- [HOW TO COMPLETE THIS TASK]
Each line from the opening of the records that follow to the line with "Photo of Livingroom in Cochrane" needs to be written out exactly. Add nothing.

- [DATA PROVIDED]
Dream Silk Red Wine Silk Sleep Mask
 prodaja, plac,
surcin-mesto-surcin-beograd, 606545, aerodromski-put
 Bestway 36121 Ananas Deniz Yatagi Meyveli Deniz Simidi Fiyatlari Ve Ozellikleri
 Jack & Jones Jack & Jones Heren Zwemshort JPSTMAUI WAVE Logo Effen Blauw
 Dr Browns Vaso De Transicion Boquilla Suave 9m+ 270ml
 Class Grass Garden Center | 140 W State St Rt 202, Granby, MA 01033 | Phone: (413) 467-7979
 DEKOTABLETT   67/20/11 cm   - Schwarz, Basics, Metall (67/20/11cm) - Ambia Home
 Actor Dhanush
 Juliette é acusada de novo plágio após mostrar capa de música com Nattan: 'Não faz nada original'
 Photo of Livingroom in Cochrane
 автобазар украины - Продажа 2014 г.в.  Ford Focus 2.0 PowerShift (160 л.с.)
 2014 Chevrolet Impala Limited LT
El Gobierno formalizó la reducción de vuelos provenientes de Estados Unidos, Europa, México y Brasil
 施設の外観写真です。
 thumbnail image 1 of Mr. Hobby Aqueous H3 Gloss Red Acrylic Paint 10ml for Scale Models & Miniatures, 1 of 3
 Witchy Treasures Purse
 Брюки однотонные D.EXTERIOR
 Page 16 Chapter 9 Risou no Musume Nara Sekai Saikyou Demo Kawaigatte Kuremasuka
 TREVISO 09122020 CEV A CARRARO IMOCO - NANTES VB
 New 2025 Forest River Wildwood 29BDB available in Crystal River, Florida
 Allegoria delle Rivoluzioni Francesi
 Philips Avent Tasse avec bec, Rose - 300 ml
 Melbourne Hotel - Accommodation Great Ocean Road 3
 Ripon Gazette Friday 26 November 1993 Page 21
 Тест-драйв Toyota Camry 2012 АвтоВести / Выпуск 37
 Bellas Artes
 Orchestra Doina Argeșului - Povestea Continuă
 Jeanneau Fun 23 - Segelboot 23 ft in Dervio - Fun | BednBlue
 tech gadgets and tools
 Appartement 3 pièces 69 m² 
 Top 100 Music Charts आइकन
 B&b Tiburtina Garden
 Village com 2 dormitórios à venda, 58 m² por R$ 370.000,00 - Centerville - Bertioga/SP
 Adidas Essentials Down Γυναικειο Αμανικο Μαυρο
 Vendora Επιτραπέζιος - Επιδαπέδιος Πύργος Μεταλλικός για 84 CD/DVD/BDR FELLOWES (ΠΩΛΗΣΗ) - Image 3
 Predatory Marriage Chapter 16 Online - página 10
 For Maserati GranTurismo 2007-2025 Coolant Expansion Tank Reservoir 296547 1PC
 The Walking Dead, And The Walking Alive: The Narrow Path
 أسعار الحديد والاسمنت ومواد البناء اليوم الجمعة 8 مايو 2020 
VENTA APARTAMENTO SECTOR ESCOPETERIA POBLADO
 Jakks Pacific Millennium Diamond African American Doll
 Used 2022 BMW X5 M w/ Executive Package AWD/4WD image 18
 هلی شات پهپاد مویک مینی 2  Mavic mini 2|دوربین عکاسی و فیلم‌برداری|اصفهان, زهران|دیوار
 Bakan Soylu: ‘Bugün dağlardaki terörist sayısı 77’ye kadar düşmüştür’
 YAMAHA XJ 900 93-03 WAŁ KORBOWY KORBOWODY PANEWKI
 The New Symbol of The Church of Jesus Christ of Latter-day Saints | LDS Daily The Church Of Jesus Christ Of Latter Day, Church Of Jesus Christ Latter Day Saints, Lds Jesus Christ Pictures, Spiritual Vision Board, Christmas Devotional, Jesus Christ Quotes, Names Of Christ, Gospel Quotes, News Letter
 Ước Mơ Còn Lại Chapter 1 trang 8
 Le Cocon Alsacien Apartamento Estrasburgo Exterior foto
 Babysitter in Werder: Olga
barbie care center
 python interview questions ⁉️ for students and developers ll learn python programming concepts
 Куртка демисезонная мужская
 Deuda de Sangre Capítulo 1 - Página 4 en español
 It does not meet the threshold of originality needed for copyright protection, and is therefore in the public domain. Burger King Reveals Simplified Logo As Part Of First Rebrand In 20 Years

- [WRITTEN REPLY]
Dream Silk Red Wine Silk Sleep Mask
 prodaja, plac,
surcin-mesto-surcin-beograd, 606545, aerodromski-put
 Bestway 36121 Ananas Deniz Yatagi Meyveli Deniz Simidi Fiyatlari Ve Ozellikleri
 Jack & Jones Jack & Jones Heren Zwemshort JPSTMAUI WAVE Logo Effen Blauw
 Dr Browns Vaso De Transicion Boquilla Suave 9m+ 270ml
 Class Grass Garden Center | 140 W State St Rt 202, Granby, MA 01033 | Phone: (413) 467-7979
 DEKOTABLETT   67/20/11 cm   - Schwarz, Basics, Metall (67/20/11cm) - Ambia Home
 Actor Dhanush
 Juliette é acusada de novo plágio após mostrar capa de música com Nattan: 'Não faz nada original'
 Photo of Livingroom in Cochrane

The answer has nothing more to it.